An oft-quoted statistic about Pitcairn Island, is that more people climb to the summit of Everest in a year than visit the Island. Today was our Everest.
It didn't start promisingly. As we approached this incredibly remote island, we could see huge waves crashing against the sheer cliffs of its rockface, and even when the islanders came out to the ship in their longboats, their boat was bouncing around alarmingly, and it took a long time for them to get themselves onto the ship.
Of course, the extreme difficulty of landing at Pitcairn (in addition to its remoteness) was the very reason why the Bounty Mutineers chose this unpromising location as their home in 1790 – they didn't want the Royal Navy (or anyone else) finding them. By the time they had finally been discovered 18 years later, all but one of those original Mutineers (including Fletcher Christian) was now dead.
Yet, somehow, against the odds, this tiny island (less than 2 square miles in area) has sustained the descendants of the Mutineers in the years since, leaving the current population of just 48 permanent residents living a precarious, isolated, but generally contented existence.
In fact, the islanders are very jolly people who love to talk about their island and the unique culture that's developed here. Pretty much every able-bodied islander came onboard to set up stalls selling island souvenirs and local products – they don't get many visitors, so the income from this visit was vital to them. We had some fascinating chats with them, as we tried to imagine what life is like in such a small, inter-dependent, isolated community, where so many people are related to each other.
We spoke to the island's policeman, a New Zealander who is stationed here for a year with his wife. We didn't go into the island's well-publicised abuse case of a decade ago, but he said that there wasn't much crime as such, and his job was to try to keep the community on friendly terms with each other – to sort out problems and disputes before they turn into crimes. In such a close-knit community, any fallings out would be major affairs, so he has his hands full.
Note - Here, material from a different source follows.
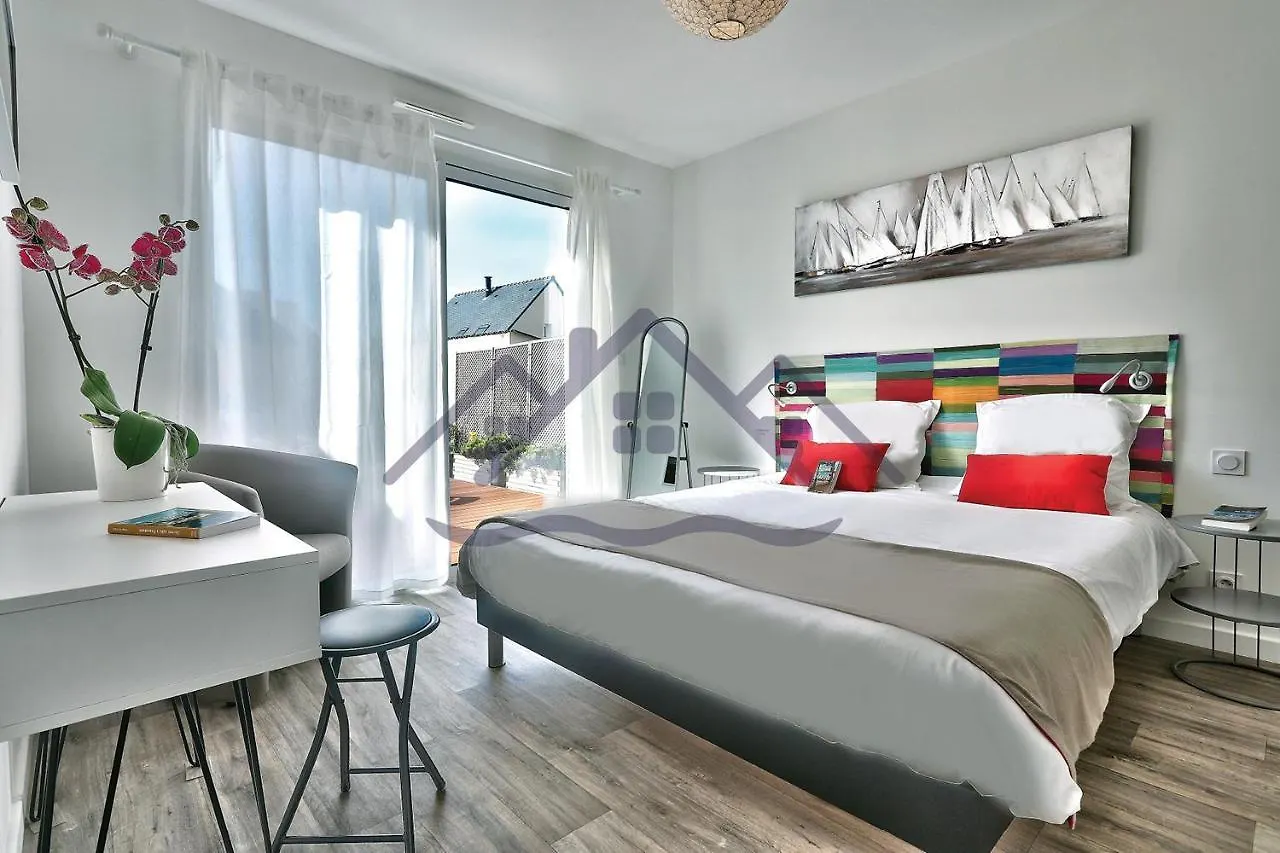 Localise - M11 - Ty Gwennili - Maison De Plain Pied Avec Terrain Entierement Cloture - Acces Plage Et Centre A Pied - Wifi Inclus - Draps Inclus - Animaux Non Admis Guilvinec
What a fascinating job.
Just as we'd given up hope of actually getting onto the island, the Captain announced that conditions had improved, and that the islanders were offering to ferry us over to the island on their longboats, so that we could briefly step foot on this most hard-to-visit of all cruise destinations. So, we ran down to the boarding area, donned our lifejackets and began to pray.
It was some exercise getting us onto the longboats, which were pitching up and down by about 2 metres – somehow, the ship's crew and the hefty islanders got us on safely. If it felt like a rollercoaster ride - as the adrenalin levels shot up, we had to remember how dangerous this could be if it wasn't done properly.
We then made our way through the pounding surf to the jetty, skilfully steered in through the dangerous rocks – the ship's tenders would never have made it. But, the fear factor ensured that the sense of exhilaration of actually stepping ashore, made it feel like the moon landing or ascent of Everest for us cruisers. I've never had a feeling like it, just to step foot on an island.
Unfortunately, we didn't have time to do much more than take a few photos and get back on the longboat – because, the trip back onto the ship was obviously going to be even trickier than getting us over here. But, we ploughed our way through the breakers coming straight at us, and we made it back to the ship. This is where the fun and games started. The boat was bouncing around even more than before, so it was a painstaking exercise of waiting for the exact moment to step off, before the boat violently lurched up or down.
Once safely onboard, I felt distinctly jittery – this was the most exciting tender ride I've ever had, where the destination was almost of secondary importance to the journey to get there. I wish I'd had longer to explore this unique island, but my brief glimpse of it was a blast.